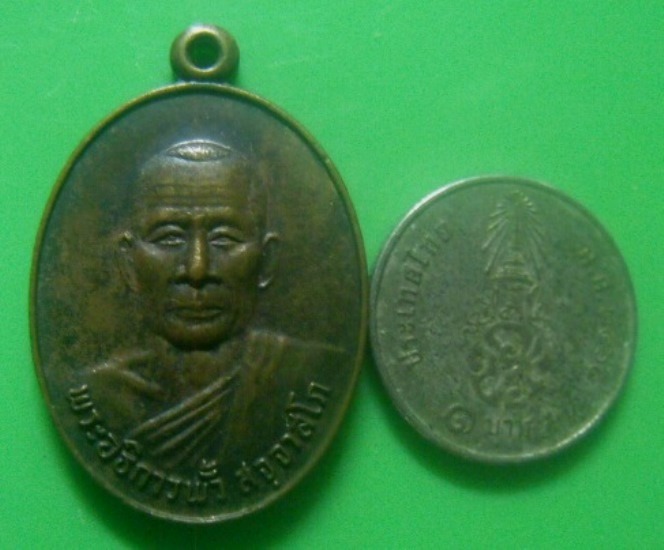 **เบา​ๆ​**เหรียญพระอธิการพั้ว หลังรอยพระพุทธบาท วัดเขาวงพระจันทร์ จ.ลพบุรี  ปี ๒๕๓๒**สวยๆ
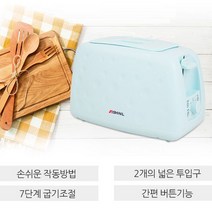 W390EBA상회 7단계 굽기 조절 가능 청소가 편리한 2구 토스터기 가정용 집들이선물 신혼부부선물 신혼집선물 생일선물, 장안A 토스터기오븐(신일)_SOV-C930SI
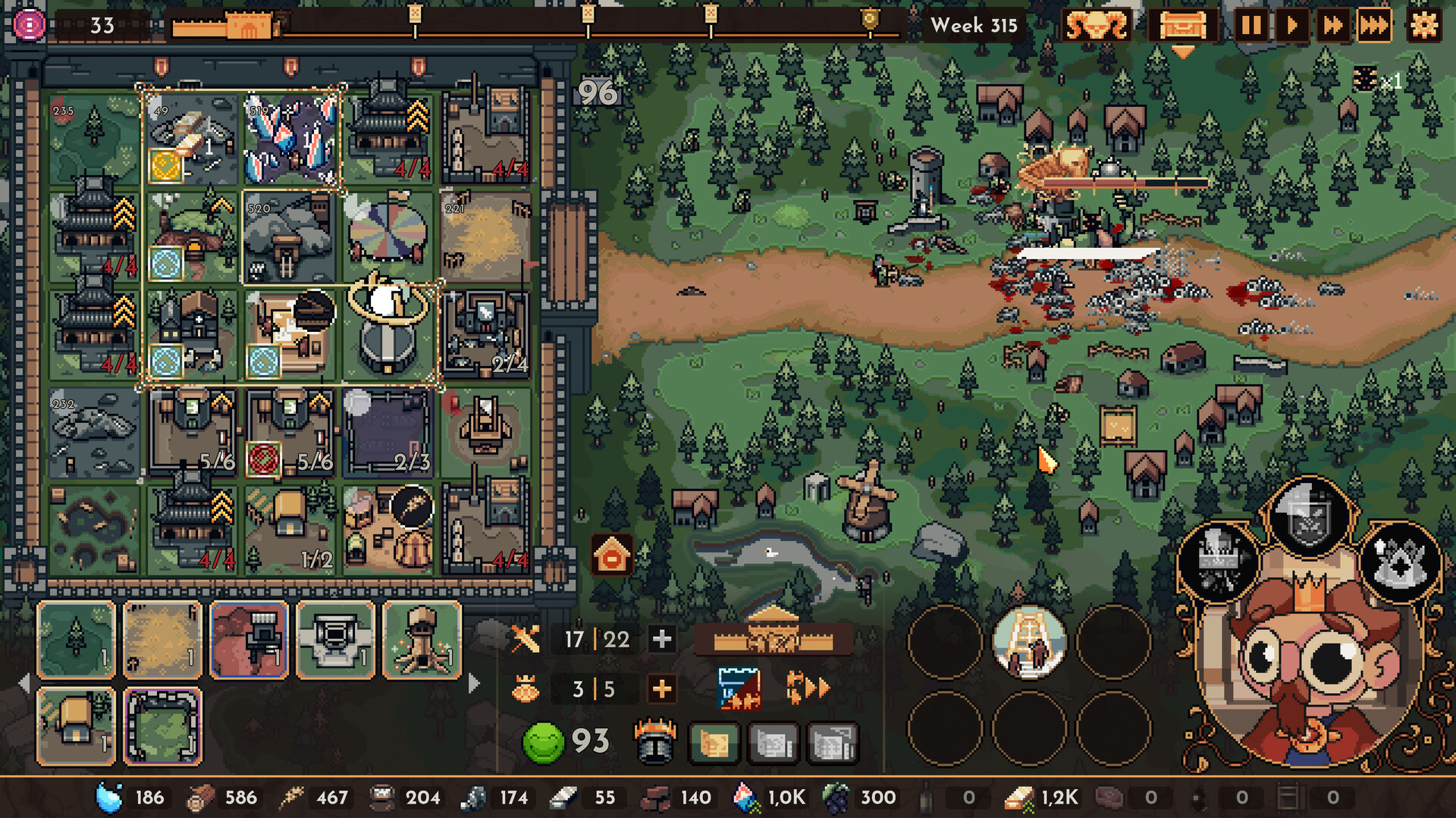 Скриншот: The King is Watching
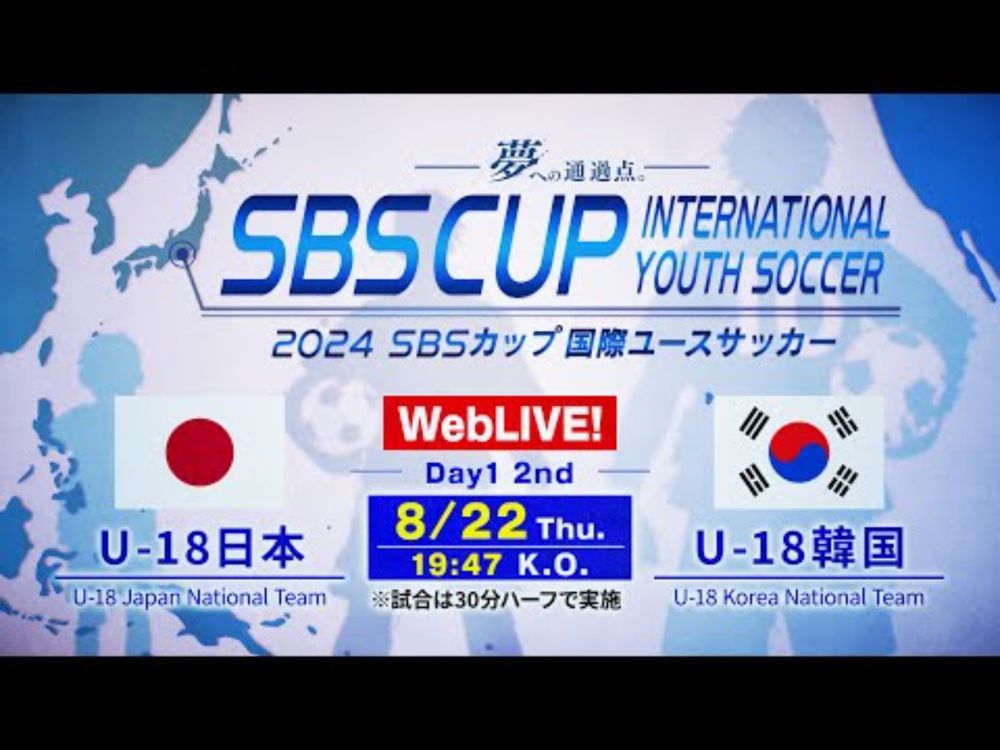 【LIVE配信】U-18日本vsU-18韓国【2024 SBSカップ国際ユースサッカー】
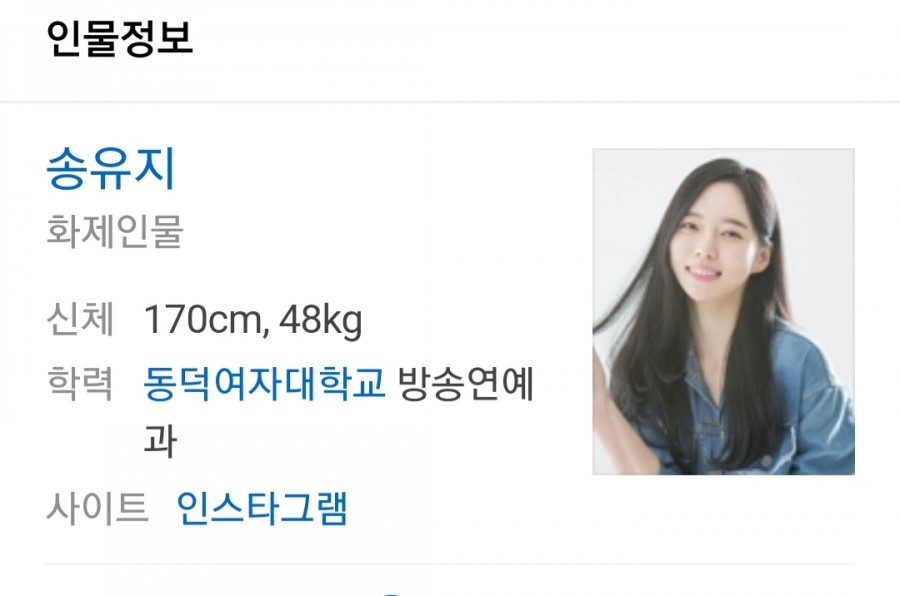 김유지 정준 공식커플 탄생,13살 차이 관련 이미지 2
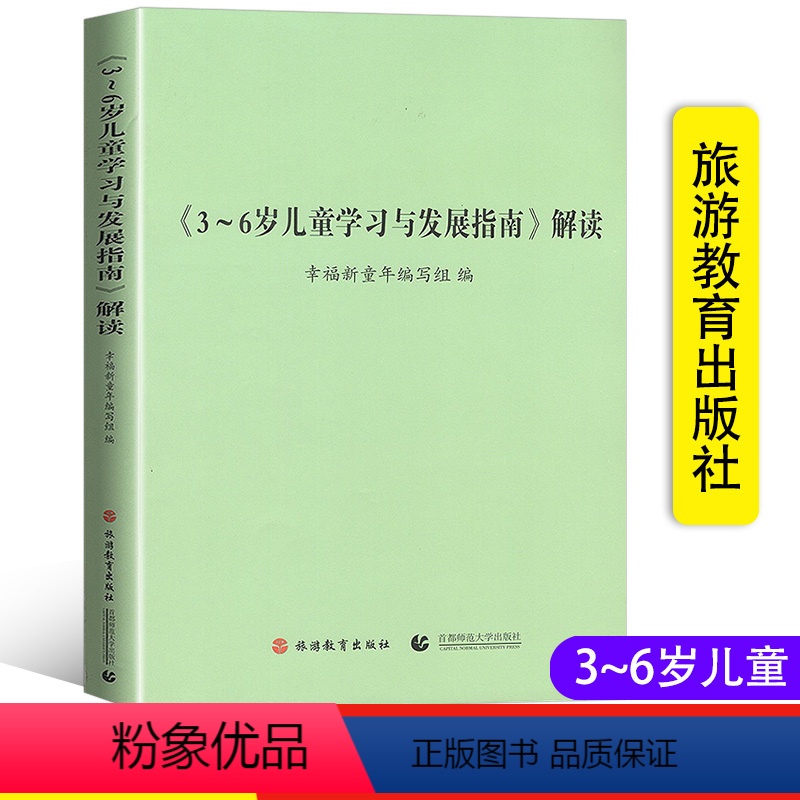 [正版]《3~6岁儿童学习与发展指南》解读 幼儿园教师资格考试考证指导书 3~6岁幼儿教育幼儿园机构幼师用书 旅游教育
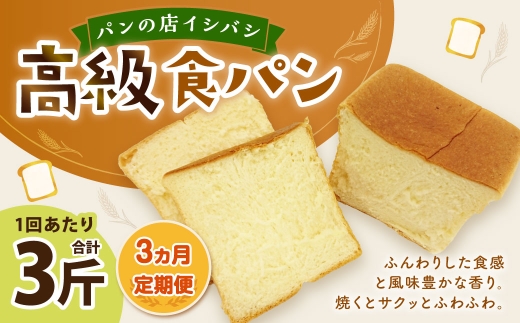 AU-14 3ヵ月定期便　高級食パン 3斤×3回 食パン パン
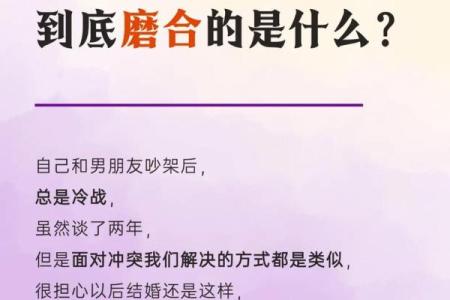 探讨命运：为什么总有人与我们产生亲密情感？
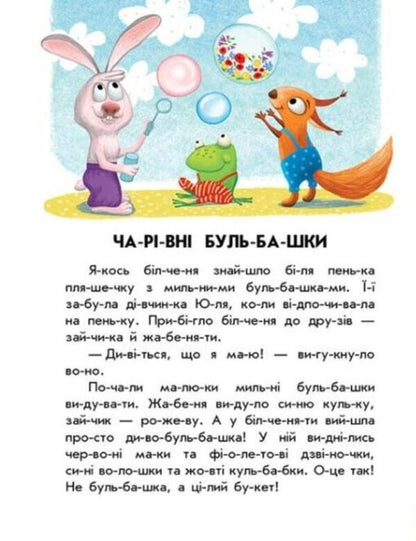 Clever rabbit / Кмітливий кролик Юлия Каспарова 978-617-09-8438-8-3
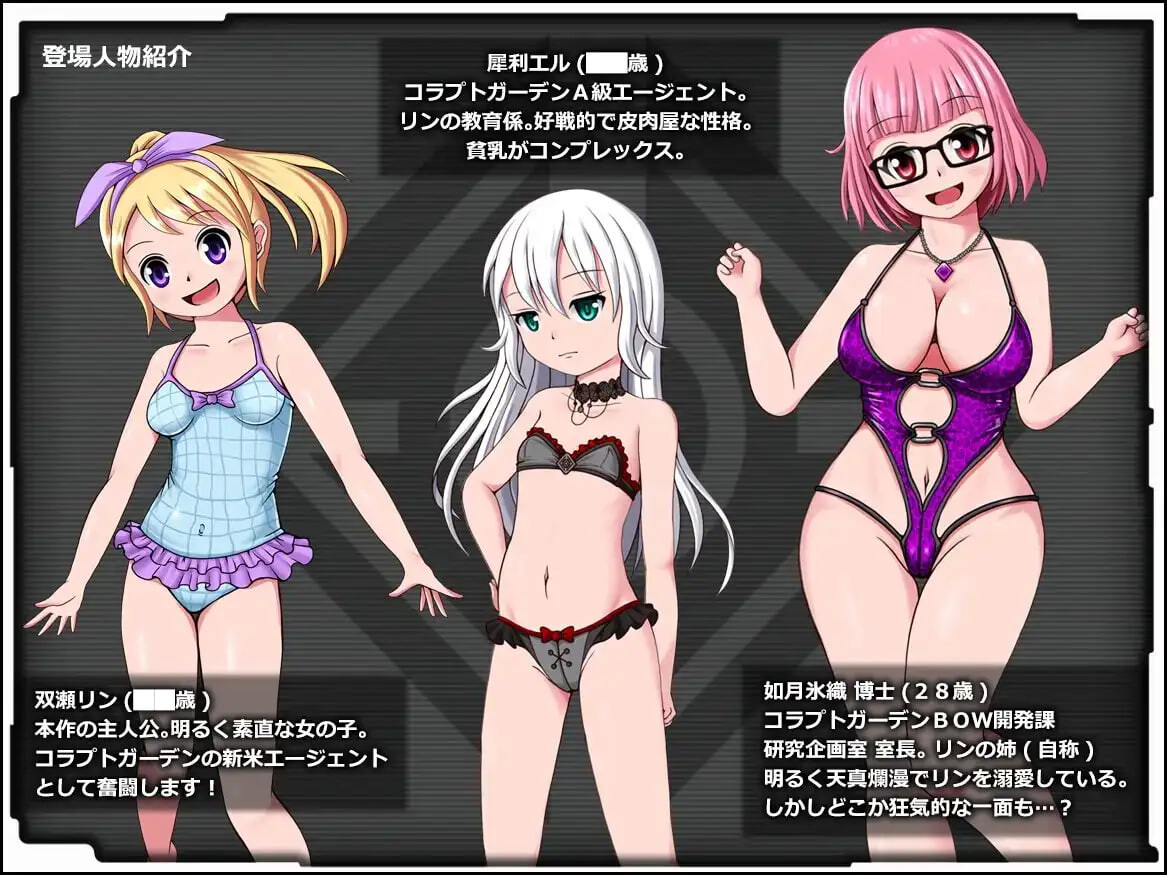 图片[3]-汉化[日式RPG/异种X/触手] 腐朽花园 – 丸吞捕食 – コラプトガーデン – VORE PREDATION – 精翻汉化版+存档 [530M]-爱玩ACG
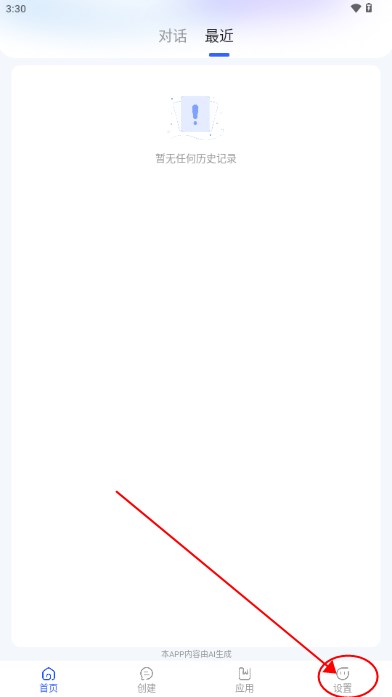 Grok AI工具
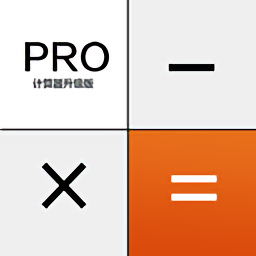 隐私计算器安卓版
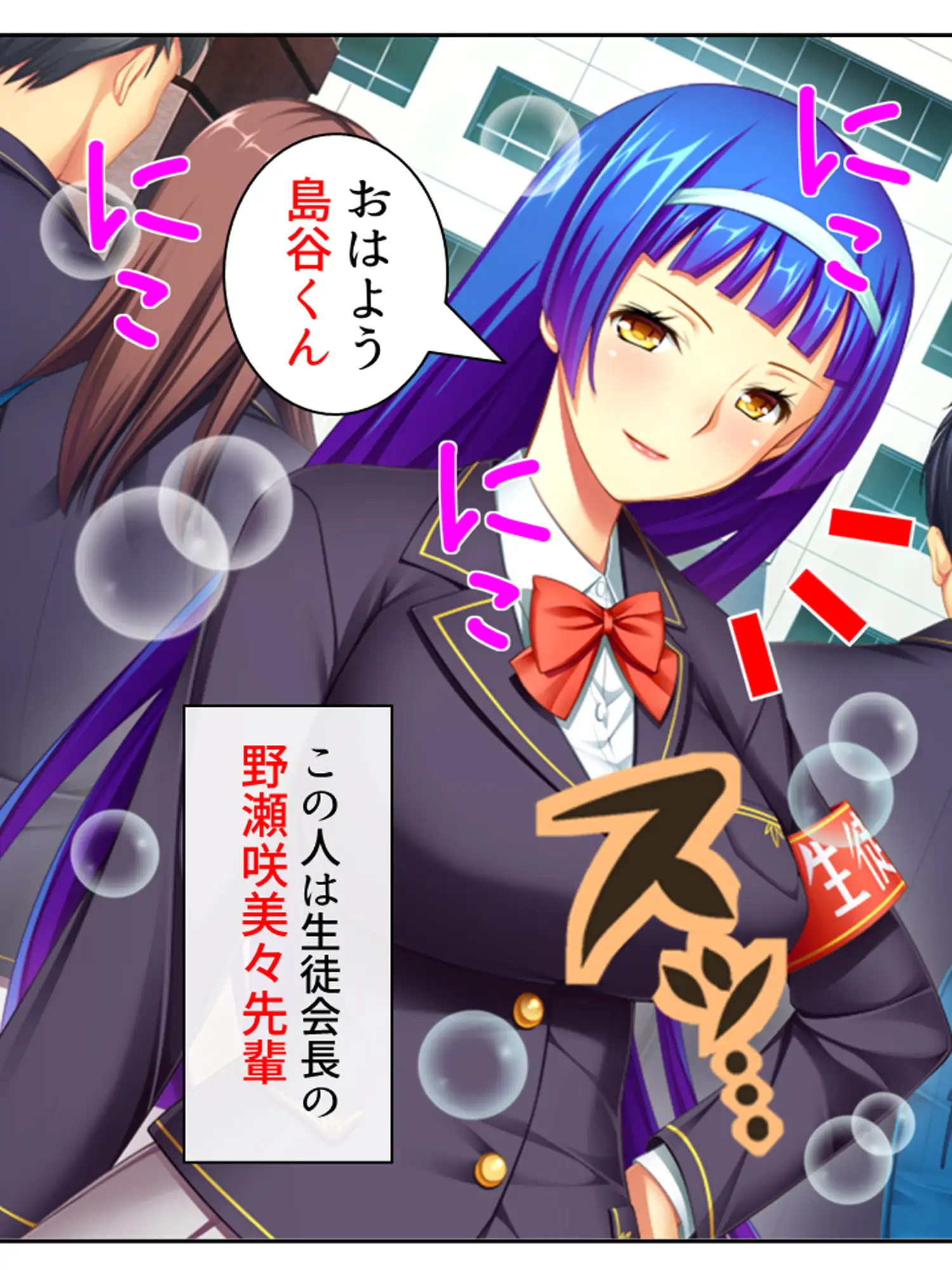 俺の幼馴染みは触手で感じるカラダになったらしい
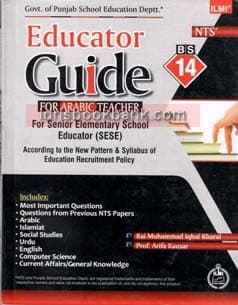 ILMI EDUCATOR GUIDE ARABIC BS 14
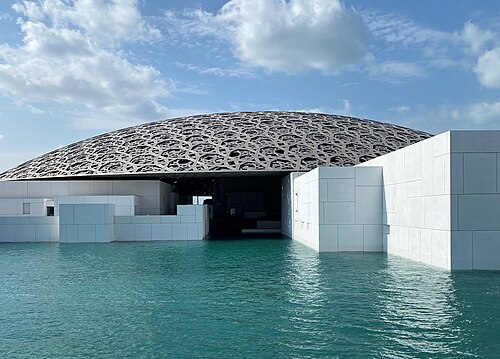 Louvre Museum (Saadiyat Island)
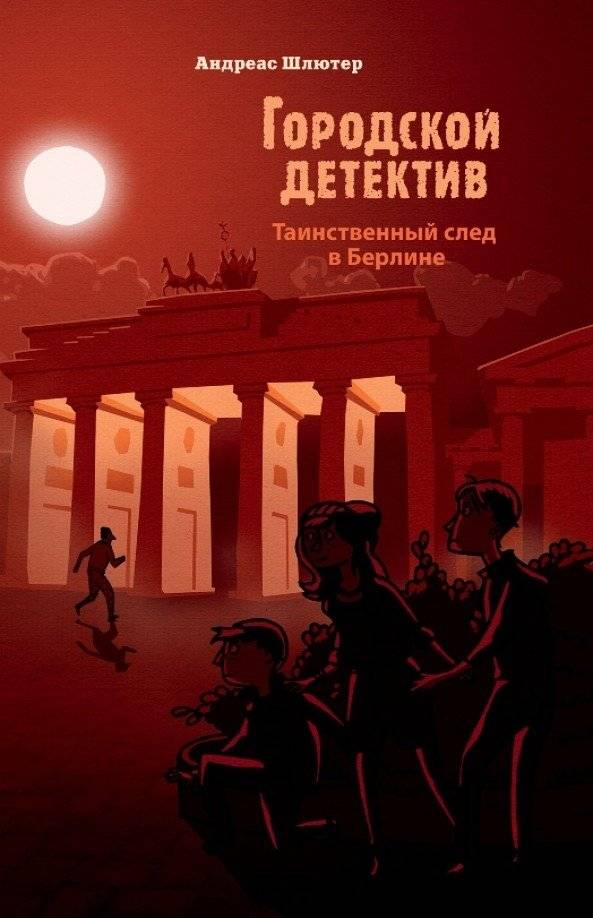 Таинственный след в Берлине | The Mysterious Trail in Berlin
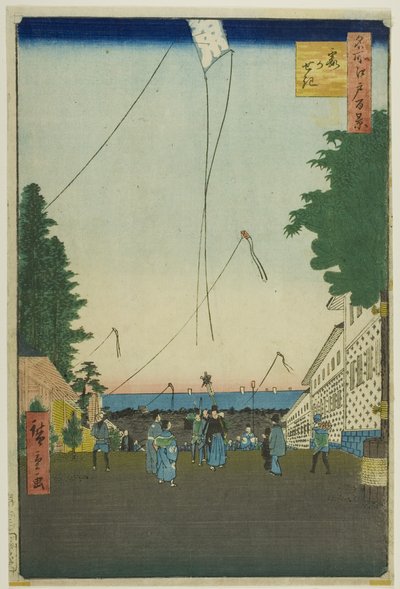 Kasumigaseki, fra serien "Hundrede berømte udsigter over Edo (Meisho Edo hyakkei)" af Utagawa Hiroshige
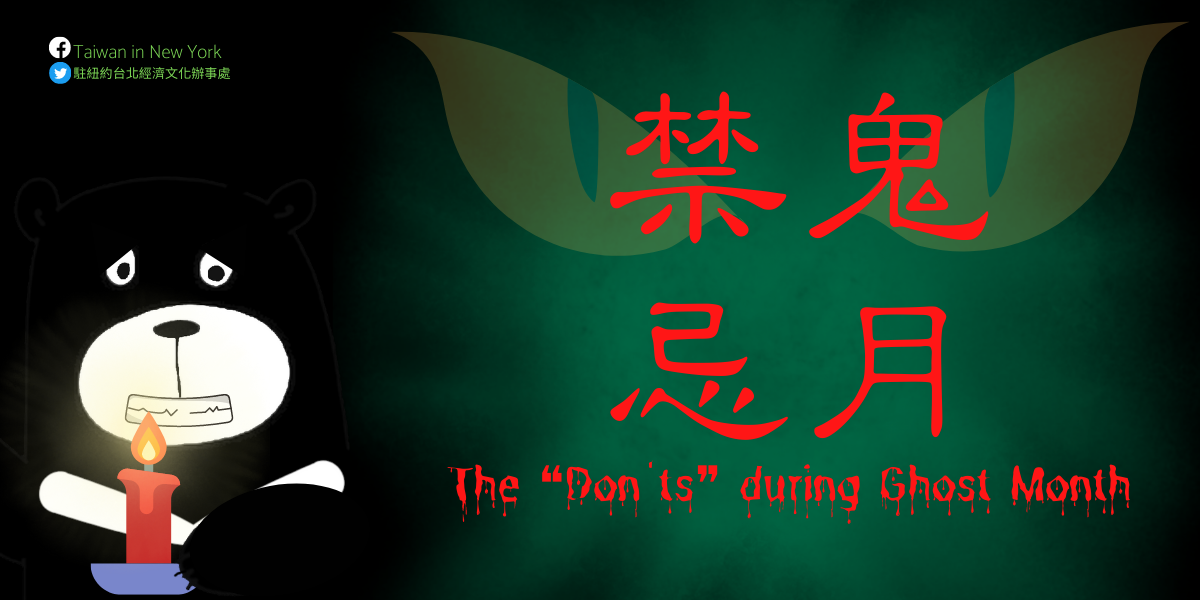 #鬼月 #GhostMonth It’s... - Taiwan in New York 駐紐約台北經濟文化辦事處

» ASSIGNMENT:
Return the material word for word. Pictures are not part of the copy.

» SOLVED EXERCISE:
 **เบา​ๆ​**เหรียญพระอธิการพั้ว หลังรอยพระพุทธบาท วัดเขาวงพระจันทร์ จ.ลพบุรี  ปี ๒๕๓๒**สวยๆ
 W390EBA상회 7단계 굽기 조절 가능 청소가 편리한 2구 토스터기 가정용 집들이선물 신혼부부선물 신혼집선물 생일선물, 장안A 토스터기오븐(신일)_SOV-C930SI
 Скриншот: The King is Watching
 【LIVE配信】U-18日本vsU-18韓国【2024 SBSカップ国際ユースサッカー】
 김유지 정준 공식커플 탄생,13살 차이 관련 이미지 2
 [正版]《3~6岁儿童学习与发展指南》解读 幼儿园教师资格考试考证指导书 3~6岁幼儿教育幼儿园机构幼师用书 旅游教育
 AU-14 3ヵ月定期便　高級食パン 3斤×3回 食パン パン
 探讨命运：为什么总有人与我们产生亲密情感？
 Clever rabbit / Кмітливий кролик Юлия Каспарова 978-617-09-8438-8-3
 图片[3]-汉化[日式RPG/异种X/触手] 腐朽花园 – 丸吞捕食 – コラプトガーデン – VORE PREDATION – 精翻汉化版+存档 [530M]-爱玩ACG
 Grok AI工具
 隐私计算器安卓版
 俺の幼馴染みは触手で感じるカラダになったらしい
 ILMI EDUCATOR GUIDE ARABIC BS 14
 Louvre Museum (Saadiyat Island)
 Таинственный след в Берлине | The Mysterious Trail in Berlin
 Kasumigaseki, fra serien "Hundrede berømte udsigter over Edo (Meisho Edo hyakkei)" af Utagawa Hiroshige
 #鬼月 #GhostMonth It’s... - Taiwan in New York 駐紐約台北經濟文化辦事處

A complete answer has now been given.